• Data under study
=== Begin Enclosure ===

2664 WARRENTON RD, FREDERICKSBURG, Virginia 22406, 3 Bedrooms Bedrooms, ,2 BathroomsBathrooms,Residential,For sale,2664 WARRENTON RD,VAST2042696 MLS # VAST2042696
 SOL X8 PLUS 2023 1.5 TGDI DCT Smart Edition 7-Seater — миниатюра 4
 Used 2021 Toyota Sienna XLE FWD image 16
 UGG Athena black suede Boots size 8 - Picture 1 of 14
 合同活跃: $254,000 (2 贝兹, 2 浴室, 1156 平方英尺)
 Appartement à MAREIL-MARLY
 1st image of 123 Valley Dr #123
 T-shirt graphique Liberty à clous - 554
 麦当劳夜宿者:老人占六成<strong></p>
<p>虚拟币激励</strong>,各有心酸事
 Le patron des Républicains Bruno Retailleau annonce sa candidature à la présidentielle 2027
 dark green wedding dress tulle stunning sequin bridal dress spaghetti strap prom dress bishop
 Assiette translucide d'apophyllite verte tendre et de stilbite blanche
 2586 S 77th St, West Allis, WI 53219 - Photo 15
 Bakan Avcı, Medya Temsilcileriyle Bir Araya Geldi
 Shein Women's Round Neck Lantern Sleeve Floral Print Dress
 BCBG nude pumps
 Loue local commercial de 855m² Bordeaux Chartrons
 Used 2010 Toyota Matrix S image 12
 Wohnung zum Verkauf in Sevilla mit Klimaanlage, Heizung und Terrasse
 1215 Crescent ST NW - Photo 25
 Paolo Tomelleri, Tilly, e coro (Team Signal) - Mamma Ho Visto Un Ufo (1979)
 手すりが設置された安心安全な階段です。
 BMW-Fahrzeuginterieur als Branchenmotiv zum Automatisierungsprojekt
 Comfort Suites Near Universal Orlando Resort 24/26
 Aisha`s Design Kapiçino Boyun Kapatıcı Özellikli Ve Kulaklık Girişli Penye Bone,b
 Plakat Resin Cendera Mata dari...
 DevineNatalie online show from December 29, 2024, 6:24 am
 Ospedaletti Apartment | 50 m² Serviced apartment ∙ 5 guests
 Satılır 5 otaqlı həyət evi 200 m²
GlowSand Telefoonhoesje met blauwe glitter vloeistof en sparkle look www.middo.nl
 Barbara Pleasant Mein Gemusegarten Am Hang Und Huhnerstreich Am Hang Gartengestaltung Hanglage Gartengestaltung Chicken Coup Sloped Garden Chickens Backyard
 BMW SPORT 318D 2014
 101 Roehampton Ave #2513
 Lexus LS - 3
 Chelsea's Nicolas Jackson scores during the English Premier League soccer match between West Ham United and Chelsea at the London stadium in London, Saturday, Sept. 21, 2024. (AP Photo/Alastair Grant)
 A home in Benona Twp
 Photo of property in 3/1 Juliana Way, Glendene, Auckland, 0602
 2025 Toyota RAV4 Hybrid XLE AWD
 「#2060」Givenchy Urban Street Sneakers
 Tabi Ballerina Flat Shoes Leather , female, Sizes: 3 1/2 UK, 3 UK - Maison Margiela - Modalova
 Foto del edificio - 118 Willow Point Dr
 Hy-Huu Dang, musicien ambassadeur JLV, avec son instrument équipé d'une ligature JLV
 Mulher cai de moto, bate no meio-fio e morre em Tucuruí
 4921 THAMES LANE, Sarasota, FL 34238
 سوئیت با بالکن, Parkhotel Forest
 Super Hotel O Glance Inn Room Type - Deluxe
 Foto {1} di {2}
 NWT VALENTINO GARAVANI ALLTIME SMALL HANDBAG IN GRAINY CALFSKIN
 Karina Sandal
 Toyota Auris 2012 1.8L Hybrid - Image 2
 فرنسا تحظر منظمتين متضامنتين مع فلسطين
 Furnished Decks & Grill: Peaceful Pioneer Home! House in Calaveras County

=== End Enclosure ===

• Assignment
Where the word "strong" shows up in a line of the entries above, copy that line.

• Output
 麦当劳夜宿者:老人占六成<strong></p>
<p>虚拟币激励</strong>,各有心酸事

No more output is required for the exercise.